Quel est le rôle de l'UIT ?

Alexandre Vallet : Créée en 1865 pour le télégraphe, l’UIT est l’agence spécialisée des Nations Unies pour toutes les technologies de l’information et de la communication. Trois secteurs distincts se consacrent à la normalisation internationale des télécommunications, à leur développement équitable dans le monde et à la gestion des fréquences de radiocommunications. Doté de commissions d’études, ce dernier s’appuie sur deux départements dédiés aux services terrestres pour l’un et spatiaux pour l’autre, en l’occurrence mon secteur, qui enregistre toutes les fréquences satellites.

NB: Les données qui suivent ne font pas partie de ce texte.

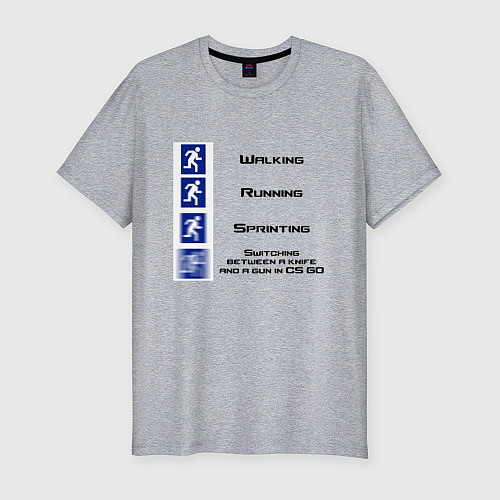 Мужская slim-футболка CS GO Z / Меланж – фото 1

Qu'est-ce que le réglement des radiocommunications ?

A.V : Il s’agit d’un traité général pour tous les systèmes radio jusqu’à 3000 GHz (téléphonie mobile, radars, internet des objets…) afin que les différentes fréquences ne se brouillent pas mutuellement. Ce règlement est négocié entre les 193 États membres de l’ONU.

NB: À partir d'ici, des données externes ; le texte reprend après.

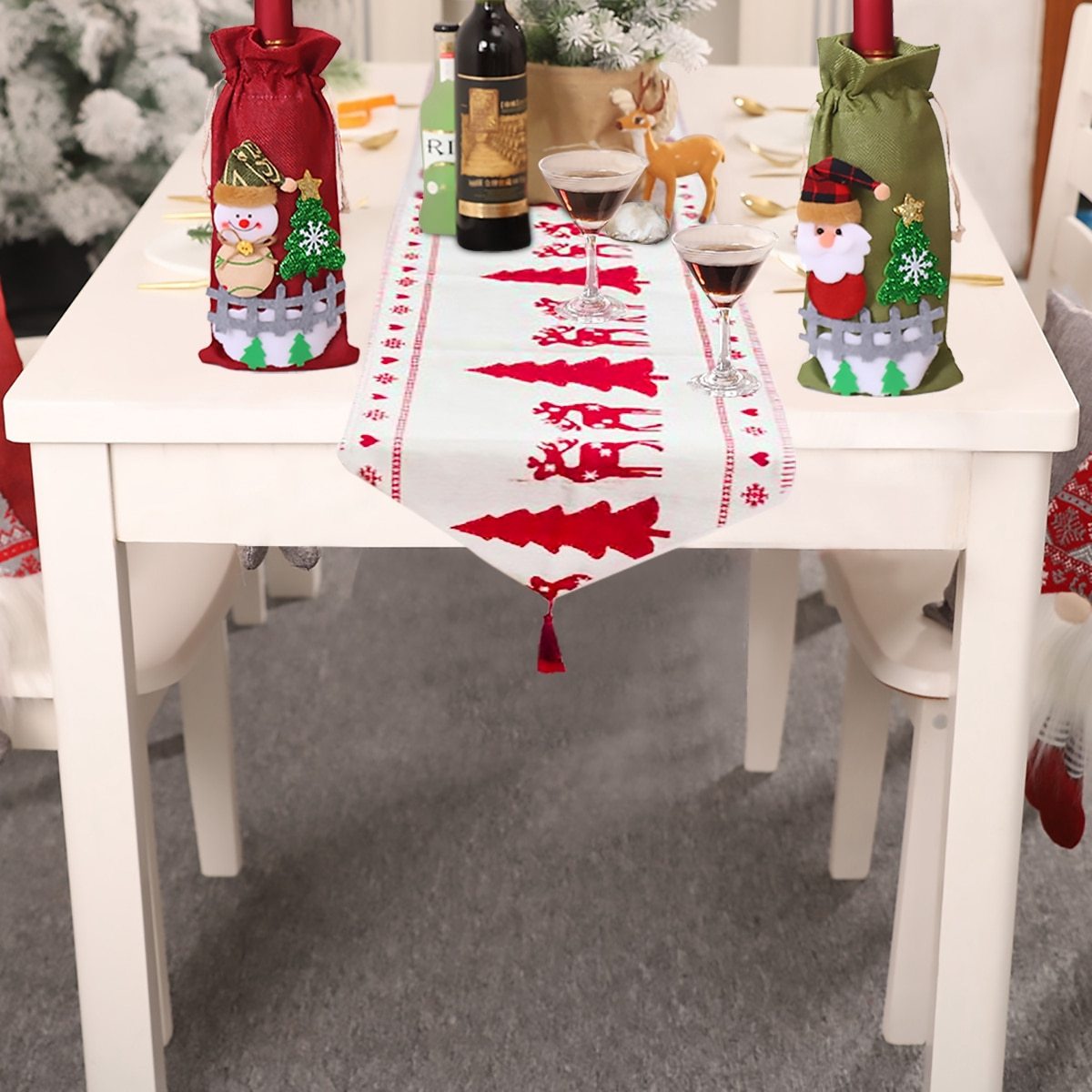 Christmas Table Runner – Elk & Snowman Print | Festive Dining & Home Décor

 C’est avant tout un processus de discussion et de coordination pour un développement harmonieux des projets existants et à venir.

Comment sont attribuées les fréquences radio des satellites ?

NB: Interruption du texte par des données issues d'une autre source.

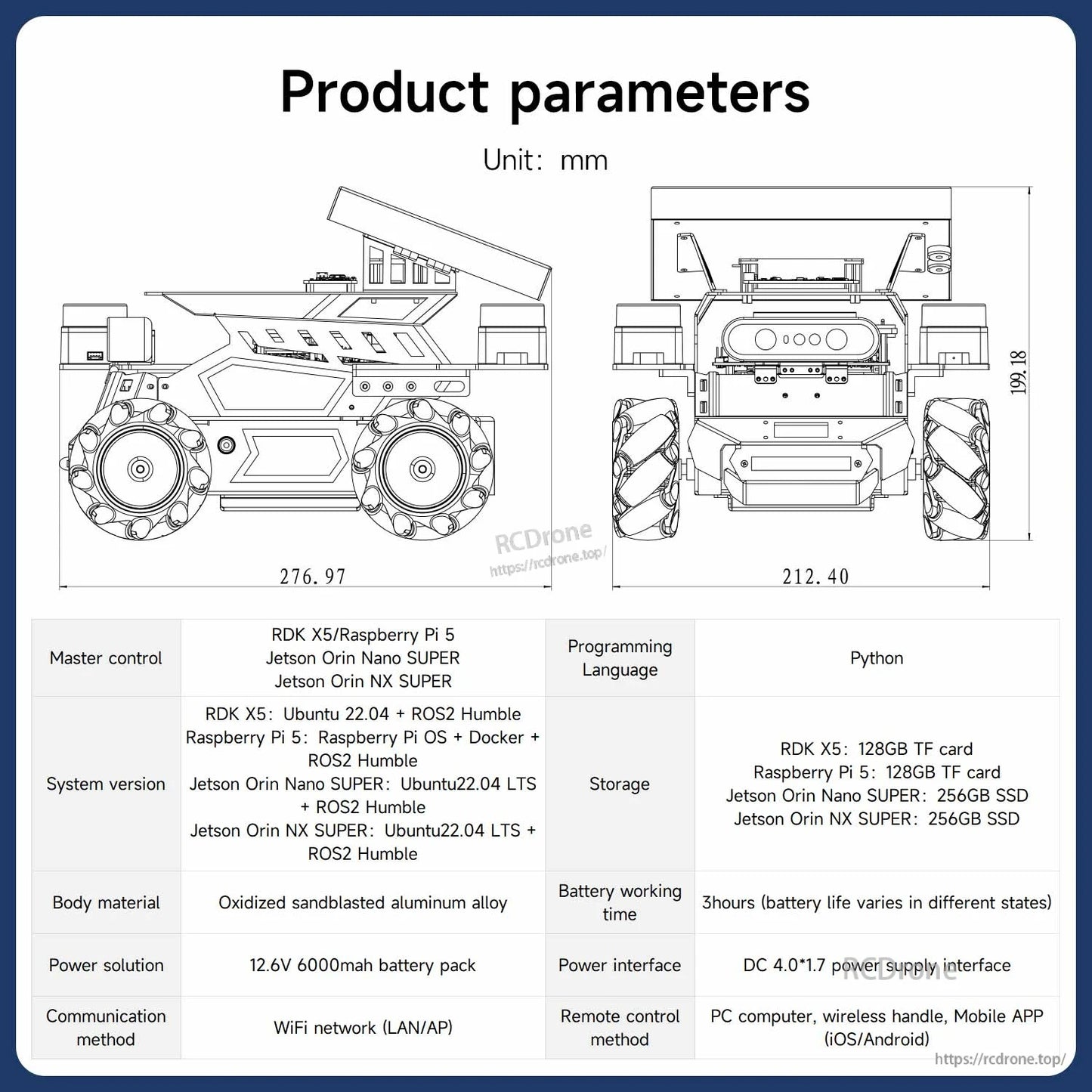 Product parameters diagram with dimensions and spec table for ROSMASTER M3 robot chassis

A.V. : L’UIT met en œuvre le règlement mais les autorisations viennent des États membres. Concrètement, lorsqu’un État a un projet de satellite, il en adresse la description à l’UIT, dans mon département. S’il s’agit d’un opérateur privé, il doit passer par un organisme étatique, comme l’Agence nationale des Fréquences en France, qui va valider la demande et déposer le dossier à l’UIT. Si ces informations s’avèrent conformes au traité, nous les transmettons aux autres États membres, qui disposent de quatre mois pour signaler un éventuel risque de brouillage d’un de leurs satellites ou projet satellite. Auquel cas le pays demandeur entame des discussions bilatérales avec les États concernés jusqu’à trouver les moyens d’exploiter les satellites sans se gêner. Ensuite nous enregistrons les caractéristiques définitives dans notre base de données afin que les États puissent en tenir compte pour planifier leurs projets futurs.

Les mutations actuelles des télécoms, notamment spatiales, ont-elles des incidences sur la gestion des bandes fréquences ?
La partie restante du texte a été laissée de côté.